Trickster
- Players: 2–4
- Setup time: 2–6 minutes
- Chance: Medium (letters drawn)
- Age range: 8+
- Skills: Anagraming, bluffing, mathematics, spelling, strategy, vocabulary

= Trickster (board game) =

Word-based board game

Scrabble Trickster is a word game created by Mattel and announced on 6 April 2010, designed as a spin-off to one of the company's products, Scrabble. Mattel intends to sell the product in Europe starting in July 2010, but not in North America, because the company owns the rights to Scrabble and its derivatives worldwide except for in North America, where rival company Hasbro holds control of the game.

==Rule differences==
Trickster has rules that are similar to those of Scrabble, with some notable differences. The new game occasionally allows words such as proper nouns to be used, as well as words that are spelled backwards. Players can also be allowed to "steal" letter tiles from other players.

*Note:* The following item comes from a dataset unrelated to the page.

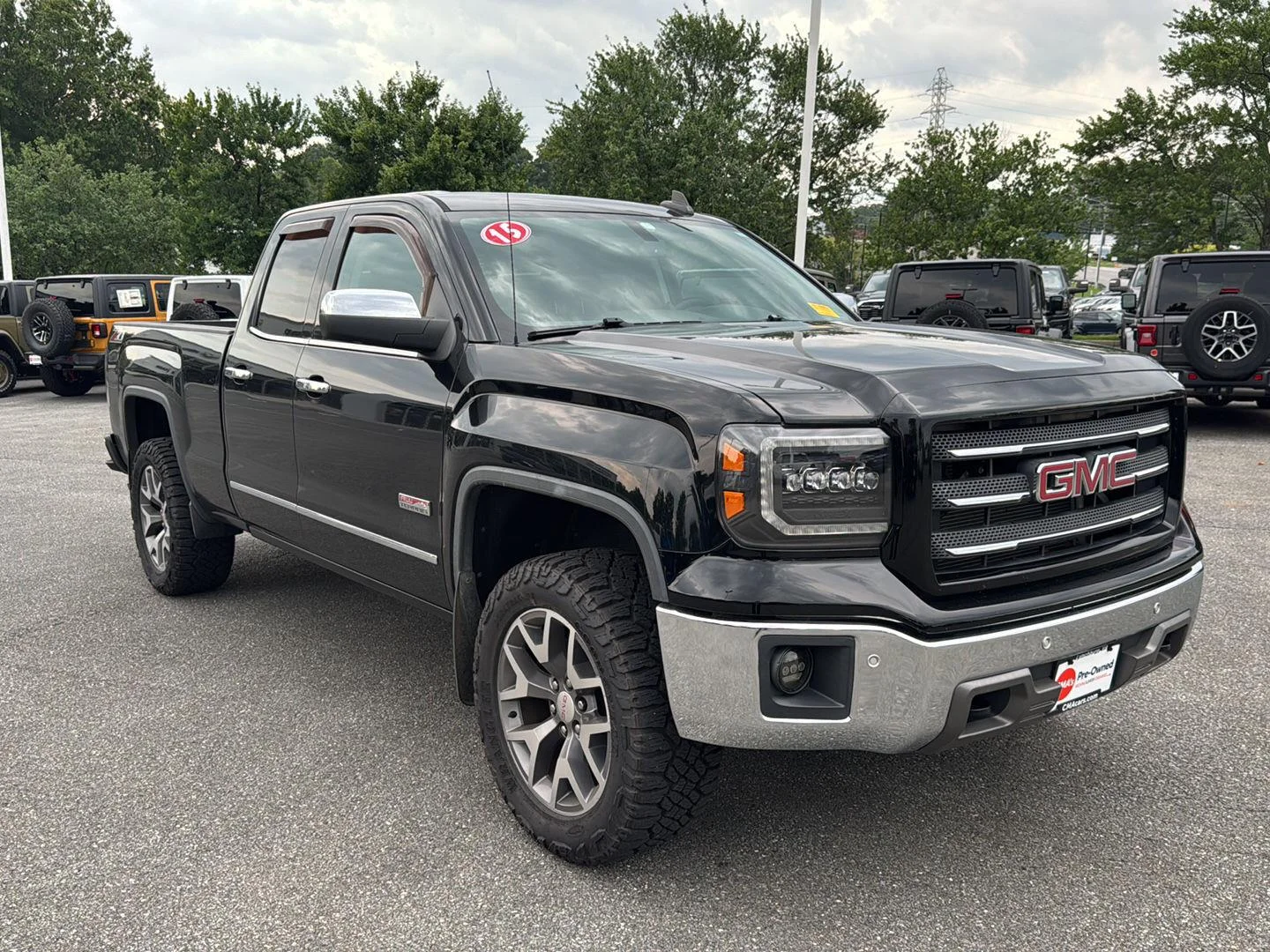 Used 2015 Onyx Black GMC SLT image 12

Players can only execute these moves when they place a word on specially marked squares that ask that the player draws a randomly chosen card, which contains instructions that may include one of the previously mentioned actions.

==Reception==
The initial announcement of the new game brought forward some controversy when widespread media announcements implied that the rules to Scrabble would be changing, before learning that the new rules would in fact apply to a newly developed game. Criticism of the newly introduced variant typically refers to the game as a "dumbed down" version of Scrabble, made to appeal to more casual players who are more familiar with the names of celebrities than lesser known words from the Scrabble dictionary. Mattel acknowledges that the changes are made to appeal to a larger audience, especially to a younger audience.